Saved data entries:
○ ○ ○ ○ ○

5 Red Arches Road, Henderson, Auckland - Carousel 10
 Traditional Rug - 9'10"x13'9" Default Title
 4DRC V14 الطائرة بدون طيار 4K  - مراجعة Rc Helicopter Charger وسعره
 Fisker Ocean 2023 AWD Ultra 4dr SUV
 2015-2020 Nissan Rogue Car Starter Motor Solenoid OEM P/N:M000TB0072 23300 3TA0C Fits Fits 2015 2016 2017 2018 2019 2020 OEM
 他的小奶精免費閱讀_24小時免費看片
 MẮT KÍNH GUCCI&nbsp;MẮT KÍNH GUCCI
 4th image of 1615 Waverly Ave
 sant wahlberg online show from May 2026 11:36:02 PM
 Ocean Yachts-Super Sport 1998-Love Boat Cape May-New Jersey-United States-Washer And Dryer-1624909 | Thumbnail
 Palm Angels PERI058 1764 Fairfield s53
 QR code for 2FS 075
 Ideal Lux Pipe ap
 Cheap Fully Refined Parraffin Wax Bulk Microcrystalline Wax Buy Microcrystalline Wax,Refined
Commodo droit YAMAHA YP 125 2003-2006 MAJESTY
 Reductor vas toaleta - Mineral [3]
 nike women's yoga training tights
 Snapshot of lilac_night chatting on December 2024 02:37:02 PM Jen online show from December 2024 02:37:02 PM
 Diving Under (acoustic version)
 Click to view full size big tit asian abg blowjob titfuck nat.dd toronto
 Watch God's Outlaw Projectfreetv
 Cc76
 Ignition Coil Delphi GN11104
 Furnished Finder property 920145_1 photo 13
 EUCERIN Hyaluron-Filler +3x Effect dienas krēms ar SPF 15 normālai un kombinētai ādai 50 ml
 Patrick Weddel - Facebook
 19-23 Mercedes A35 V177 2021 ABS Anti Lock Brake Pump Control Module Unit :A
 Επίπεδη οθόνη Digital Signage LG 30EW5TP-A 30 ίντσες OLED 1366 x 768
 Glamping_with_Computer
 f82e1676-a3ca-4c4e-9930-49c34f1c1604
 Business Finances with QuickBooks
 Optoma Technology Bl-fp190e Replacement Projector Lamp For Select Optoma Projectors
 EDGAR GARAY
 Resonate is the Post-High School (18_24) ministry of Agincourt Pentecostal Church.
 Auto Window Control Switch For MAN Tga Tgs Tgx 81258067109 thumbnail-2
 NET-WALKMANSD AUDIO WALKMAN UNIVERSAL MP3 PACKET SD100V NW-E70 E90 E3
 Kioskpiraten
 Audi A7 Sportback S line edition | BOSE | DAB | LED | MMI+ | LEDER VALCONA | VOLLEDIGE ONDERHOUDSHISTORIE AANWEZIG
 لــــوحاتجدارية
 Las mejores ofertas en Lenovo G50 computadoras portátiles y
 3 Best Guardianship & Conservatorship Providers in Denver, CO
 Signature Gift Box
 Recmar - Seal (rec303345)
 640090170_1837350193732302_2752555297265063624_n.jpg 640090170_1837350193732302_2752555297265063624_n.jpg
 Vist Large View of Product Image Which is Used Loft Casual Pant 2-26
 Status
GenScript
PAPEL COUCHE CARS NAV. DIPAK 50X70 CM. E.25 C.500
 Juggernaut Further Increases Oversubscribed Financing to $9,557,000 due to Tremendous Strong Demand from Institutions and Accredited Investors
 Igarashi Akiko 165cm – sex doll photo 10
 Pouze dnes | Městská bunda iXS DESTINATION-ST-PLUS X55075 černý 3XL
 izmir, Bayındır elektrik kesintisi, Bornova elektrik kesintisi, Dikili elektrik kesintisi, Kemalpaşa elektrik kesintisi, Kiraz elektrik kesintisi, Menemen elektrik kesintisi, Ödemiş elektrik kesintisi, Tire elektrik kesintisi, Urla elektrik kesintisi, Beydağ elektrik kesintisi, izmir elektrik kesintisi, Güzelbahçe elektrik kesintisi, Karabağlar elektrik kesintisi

○ ○ ○ ○ ○

REQUIRED WORK:
Find the count of lines in the data above where the string "show" occurs. Provide that number alone.

ANSWER TO THIS EXERCISE:
2